Paper Chase

By Alexis Zolner

November 2015

In 1990, I was working on a calculation of Boeing's earnings from a historical income tax perspective. This was a very interesting project because I was reviewing tax returns and financial data going back to 1916, as well as data for companies that Boeing had bought. But the story I want to tell is about my visit to an aluminum bunker sitting inside a hill at the Tulalip Indian Reservation.

I had found everything I needed to complete the study, with the exception of the 1934 tax returns. I searched in a number of places, even calling the IRS and United, since that was the year of the United reorganization. The Boeing Records Storage organization suggested I visit an offsite facility that had quite a bit of historical information. At that time, Boeing had a procedure requiring that important contracts and other company information be sent to this facility. The Records guy said he was taking a batch of contracts up to the facility and did I want to ride along and search the place. It sounded promising.

We get up there and all you could see was a door -- the facility was encased in a hill. So the Records guy gets a sledgehammer out of his car and explains the latch is tricky and he has found it best to pound it open.

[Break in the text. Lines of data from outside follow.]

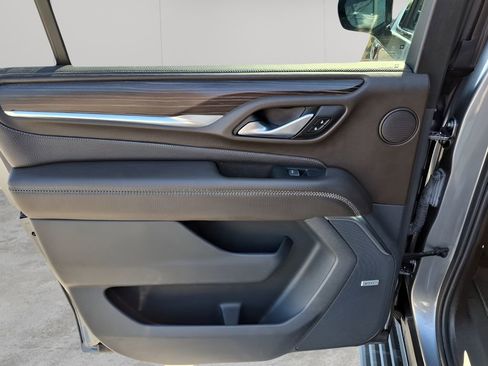 Used 2022 GMC Yukon XL Denali w/ Denali Premium Package image 17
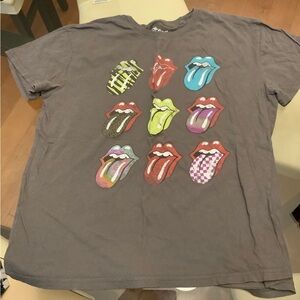 Gray Short Sleeve Graphic Tee with Vibrant Design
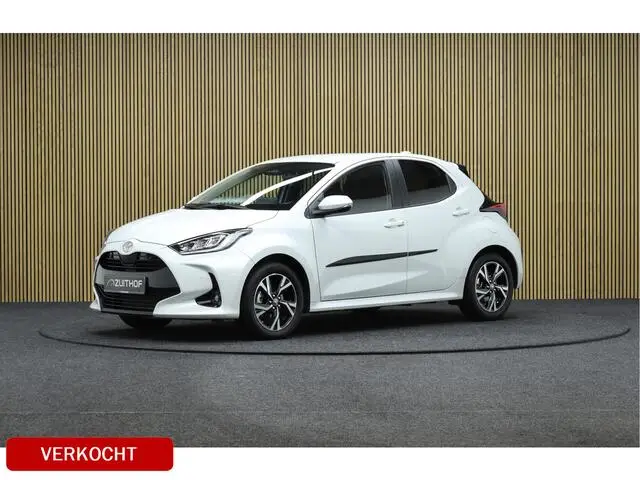 Photo 1 : Toyota Yaris 2024 Hybride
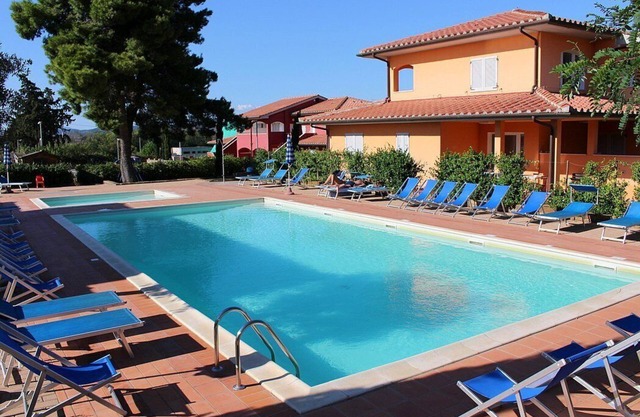 Casa Aliade A: A welcoming apartment that is part of a villa surrounded by the greenery.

We go inside and the first thing I notice is that the facility looks like a Quonset hut. There is an old refrigerator and several metal beds -- my guide explained the thinking had been that the hut could be used for protection during a catastrophic event. I found the Boeing corporate seal tucked in a drawer, banking information, payroll records dating back to the 1940s and other financial records, tons of microfiche, and old and new contracts. I went through everything, marveling over the existence of the hut and treasure trove of corporate data, but I never did find the tax return.

A few years after my visit, I heard the company stopped sending its contracts up to the Tulalip site and that the Boeing archivist had gone through it and collected what he needed for the archives. I plan to retire this year and will remember this as one of the most unusual experiences working at Boeing.

The vital records bunker at the Boeing Tulalip site when it was first set up back in the early 1960s.